> DATA RECORDS:
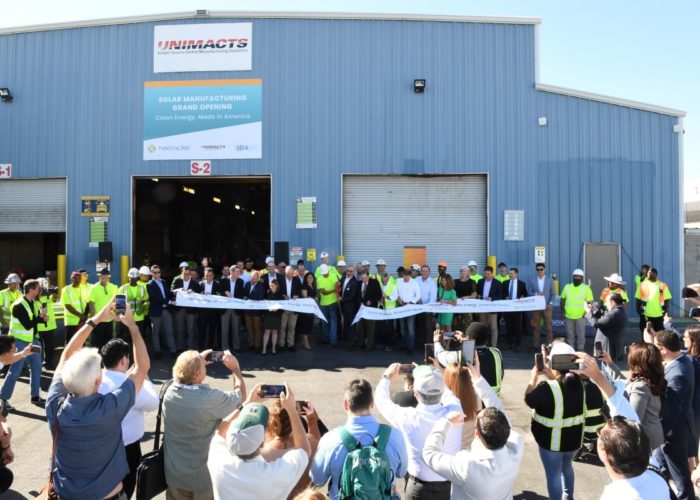 Ribbon cutting of Nextracker, Unimacts new tracker component plant in Las Vegas, Nevada. Image: Nextracker.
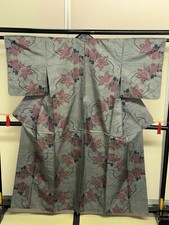 Japanese Vintage Kimono Pure Silk Grey Expensive Tsumugi Dirt Height 61.81in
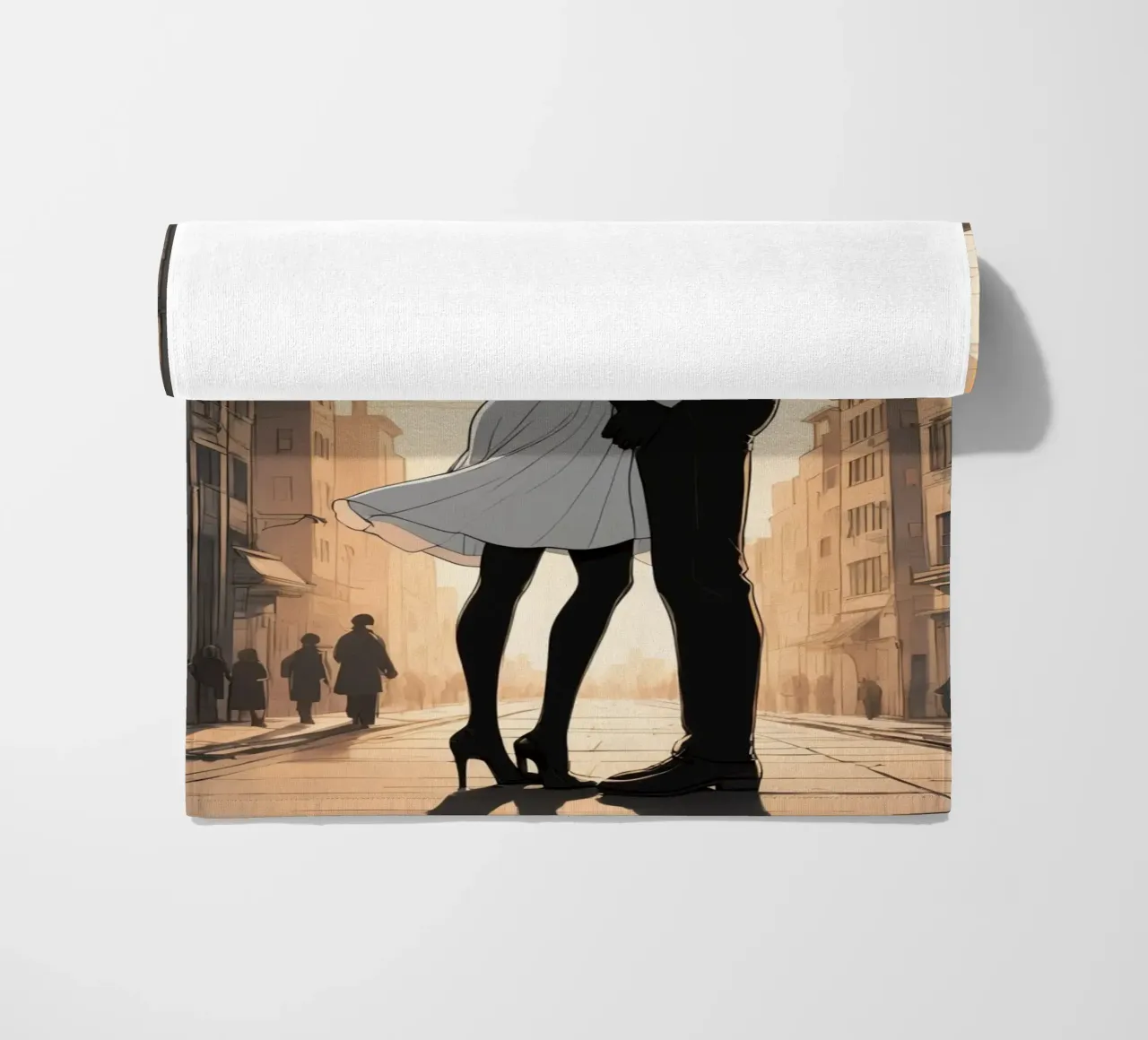 Coppia abbracciata in una strada della città al tramonto telo mare da DesignDoodle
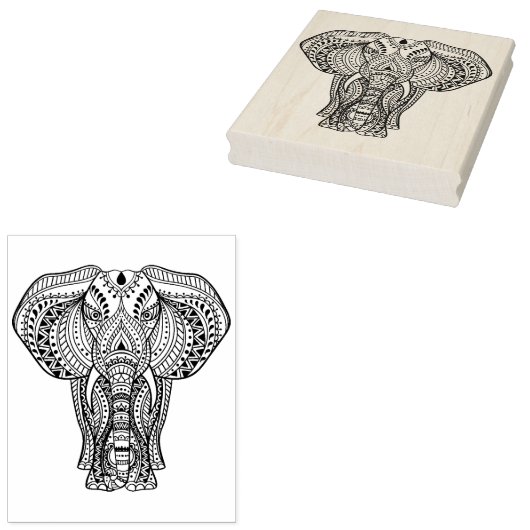 Etnische Indische olifant Rubberstempel (Gestempeld)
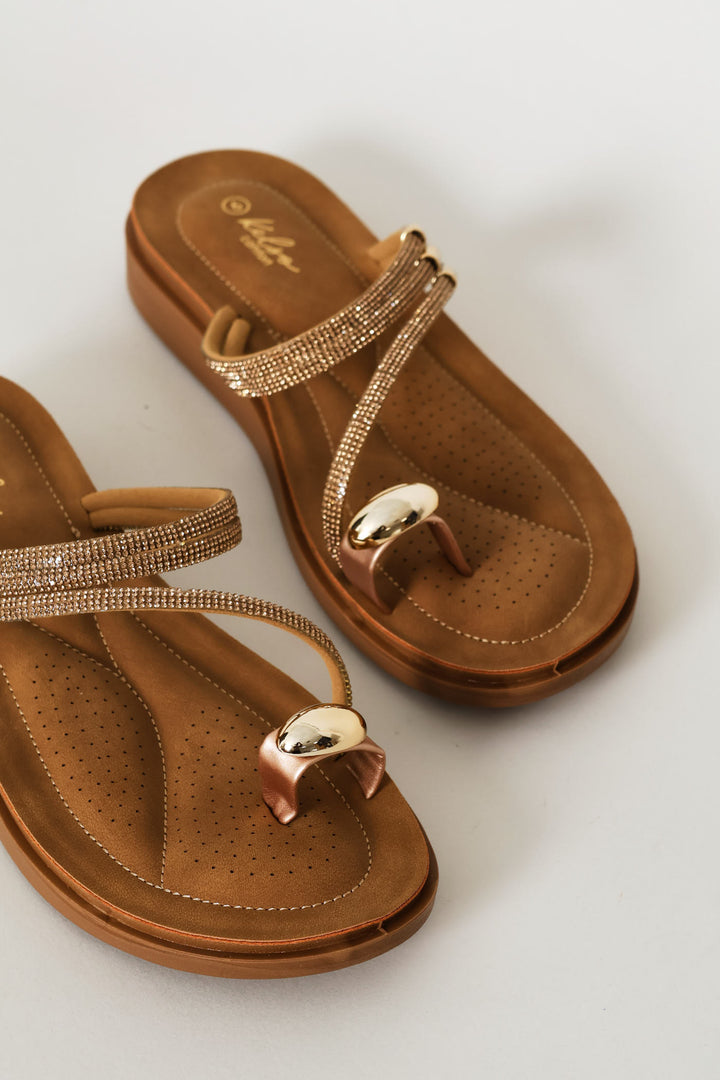 Diamante Strap Toe Post Sandal - Rose Gold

> EXERCISE REQUIREMENTS:
What is needed is a word-for-word copy of the lines from the one containing "Etnische Indische olifant" through the final line of the records above, both included, with the pictures left out.

> TASK OUTPUT:
 Etnische Indische olifant Rubberstempel (Gestempeld)
 Diamante Strap Toe Post Sandal - Rose Gold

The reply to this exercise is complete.